Adequate Yearly Progress
by Roxanna Elden
2020
At a struggling Texas high school, a group of teachers juggles classroom chaos, private troubles, and a superintendent eager to make his mark. The novel mixes workplace comedy with a clear-eyed look at how school policies land on real people.
Where should I start?
If you want practical classroom advice: See Me After Class
If you want a funny school workplace novel: Adequate Yearly Progress
If you want a family read-aloud about a new baby: Rudy's New Human
If you want the quickest sense of her range: See Me After Class → Adequate Yearly Progress → Rudy's New Human
Author bio
Roxanna Elden grew up in Chicago and knew early that she wanted to be a high school teacher. While she was still in college, she started tutoring kids and teaching adult ESL, which put her in front of classrooms long before she became a published author.
Schools came first.
After college, she taught middle school and fourth grade in Houston as a Teach For America corps member, then moved on to high school teaching in Miami. Over the years she worked across grade levels, became a National Board Certified public-school teacher, and built the kind of practical knowledge that only comes from doing the job day after day.
That experience shaped the way she writes. Elden has said the idea for See Me After Class hit a few years into her career, when her younger sister started teaching and the two of them kept talking about the roughest parts of the job. She wanted something more useful than glossy inspiration, a book that admitted teachers make mistakes, have bad days, and still come back the next morning.
Honesty, with a sense of humor, became the whole point.
See Me After Class grew into a guide packed with stories and advice from experienced teachers around the country. Readers tend to come to it for help with classroom management, parent communication, organization, grading, and the emotional wear and tear of the school year. What makes the book stick is its tone: funny, direct, and very aware that real classrooms do not behave like training manuals.
Later, Elden turned to fiction with Adequate Yearly Progress. She began the novel during National Novel Writing Month after one of her students challenged her to stop cheering from the sidelines and join in. The result is a multi-character story set at a struggling Texas high school, where teachers juggle personal problems, shifting policies, and the kind of absurd moments that feel painfully familiar to anyone who has worked in a school.
She also wrote the picture book Rudy's New Human, inspired by watching her own dog adjust to the arrival of a new baby. It is a smaller, sweeter project than her school books, but it shows the same interest in everyday upheaval, mixed feelings, and the comic gap between what people expect and what actually happens.
Another thread runs through much of her work and speaking: a distrust of the "super teacher" myth. In essays, talks, and workshops, she keeps returning to the idea that teachers are often flattened into heroes, saints, or disasters, when most are simply people trying to do a hard job well.
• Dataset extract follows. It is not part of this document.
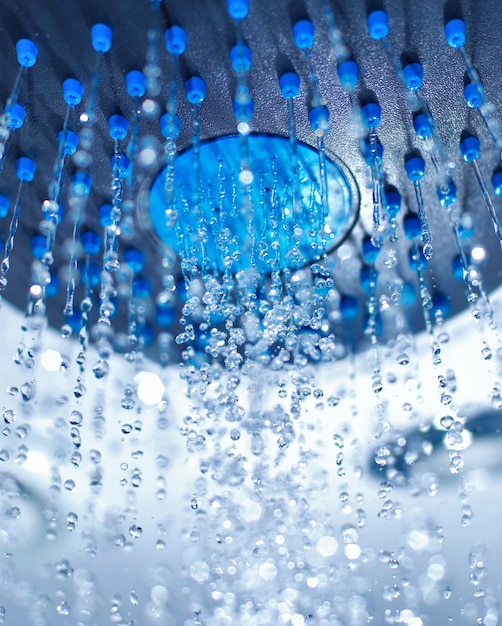 Duschen Sie mit fließenden Tropfen und Wasserströmen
That plainspoken view is part of why her books connect with both new teachers and readers who just want a more believable story about school.
These days, Elden still lives in Miami and continues to work with teachers through courses, speaking, and writing. Whether she is helping a new teacher through a rough stretch or writing a novel about staff meetings, she keeps circling the same idea: slogans are easy, but useful truth is harder, and more generous.